> [Given entries]
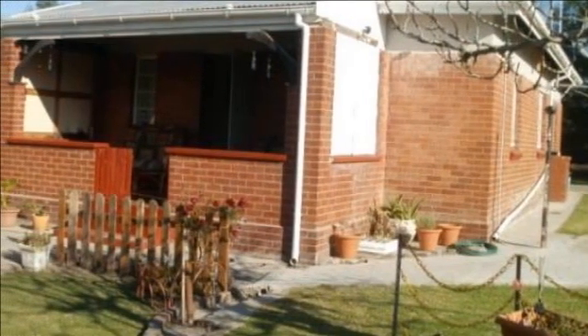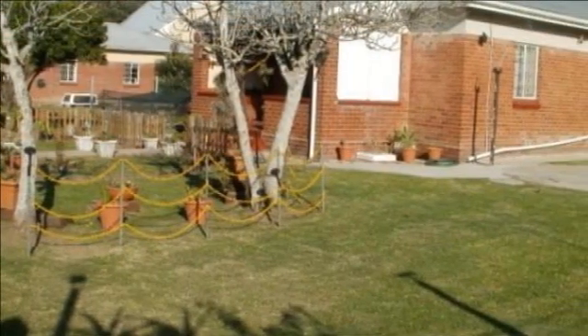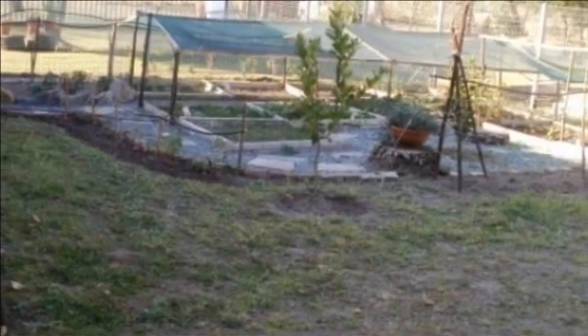Charles Everett International Property Group East London presents this solid face brick home in Blaney Station, close to Berlin. It is a 30-minute drive from East London and 15 minutes to Bhisho and KWT.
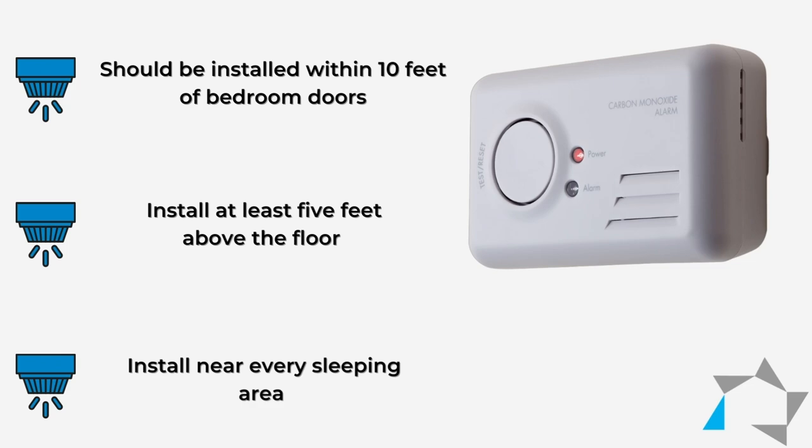It is suggested that they are placed near every sleeping area. I've had a call asking: do I have to put one in every bedroom? That's going to be up to you as managers.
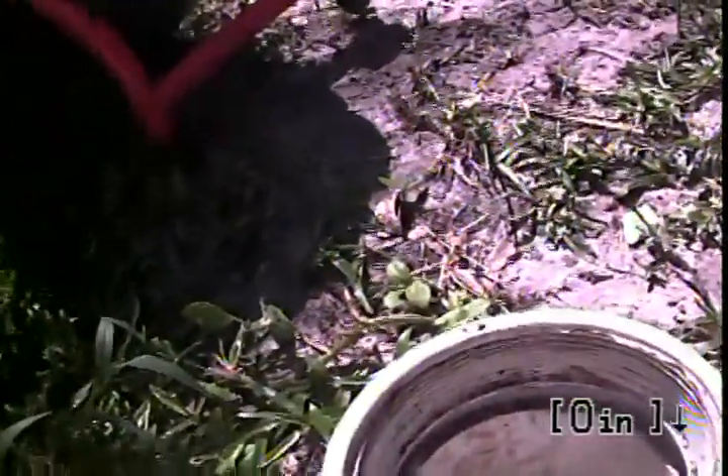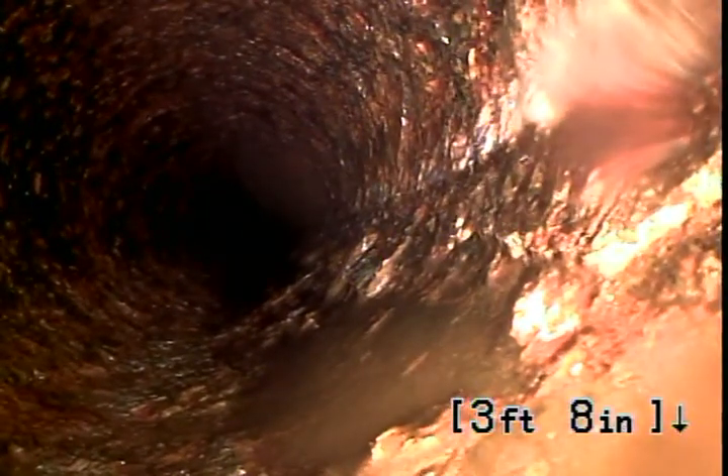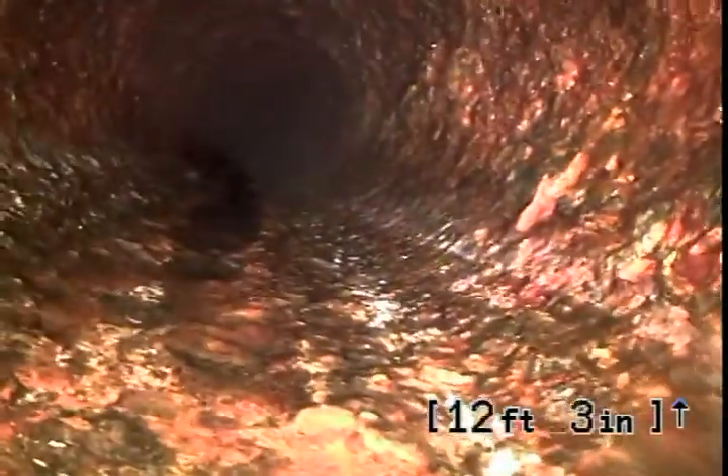It's July 30th. We're at 6721 100th Avenue North in Pinellas Park. We're going through a four-inch two-way clean-out located on the back west side of the house.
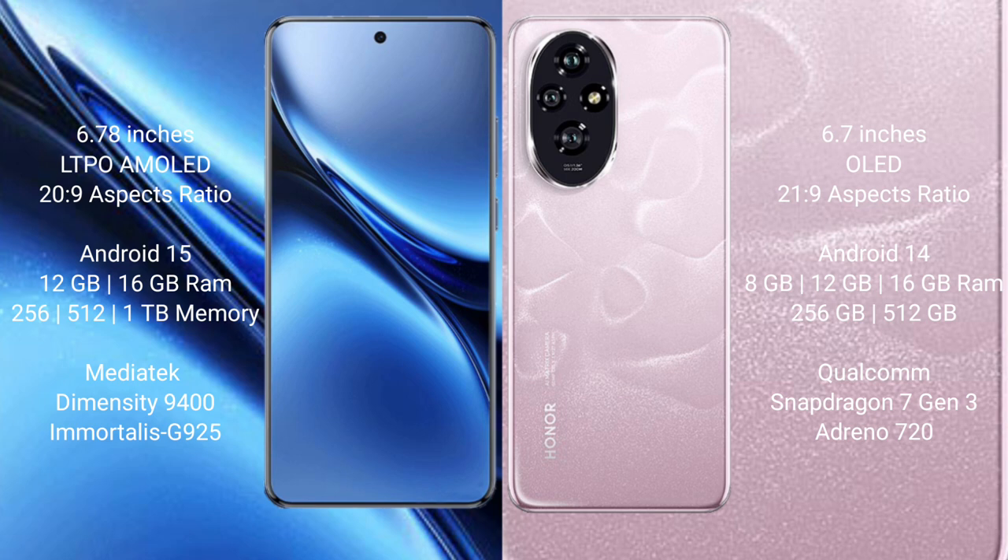Vivo X200 Pro comes with 12GB or 16GB RAM and 256GB or 512GB internal storage, powered by the MediaTek Dimensity 9400 processor with GPU Adreno 625. Honor 200 comes with 8GB, 12GB, or 16GB RAM and 256GB or 512GB internal storage, powered by the Qualcomm Snapdragon 7 Gen 3 processor with GPU Adreno 720.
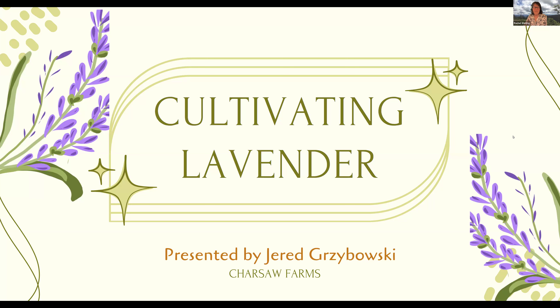We're focusing on cultivating lavender, and there seem to be a lot of enthusiasts out there. This will be recorded, and everyone who registered for the class tonight will receive a link to the recording tomorrow, or the day after. With that, I'll let Jared take it away.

> [Task details] The answer must be the lines from the first one in the records through the line containing "Vivo X200 Pro", copied exactly, with no pictures.

> [Answer area]
Charles Everett International Property Group East London presents this solid face brick home in Blaney Station, close to Berlin. It is a 30-minute drive from East London and 15 minutes to Bhisho and KWT.
It is suggested that they are placed near every sleeping area. I've had a call asking: do I have to put one in every bedroom? That's going to be up to you as managers.
It's July 30th. We're at 6721 100th Avenue North in Pinellas Park. We're going through a four-inch two-way clean-out located on the back west side of the house.
Vivo X200 Pro comes with 12GB or 16GB RAM and 256GB or 512GB internal storage, powered by the MediaTek Dimensity 9400 processor with GPU Adreno 625. Honor 200 comes with 8GB, 12GB, or 16GB RAM and 256GB or 512GB internal storage, powered by the Qualcomm Snapdragon 7 Gen 3 processor with GPU Adreno 720.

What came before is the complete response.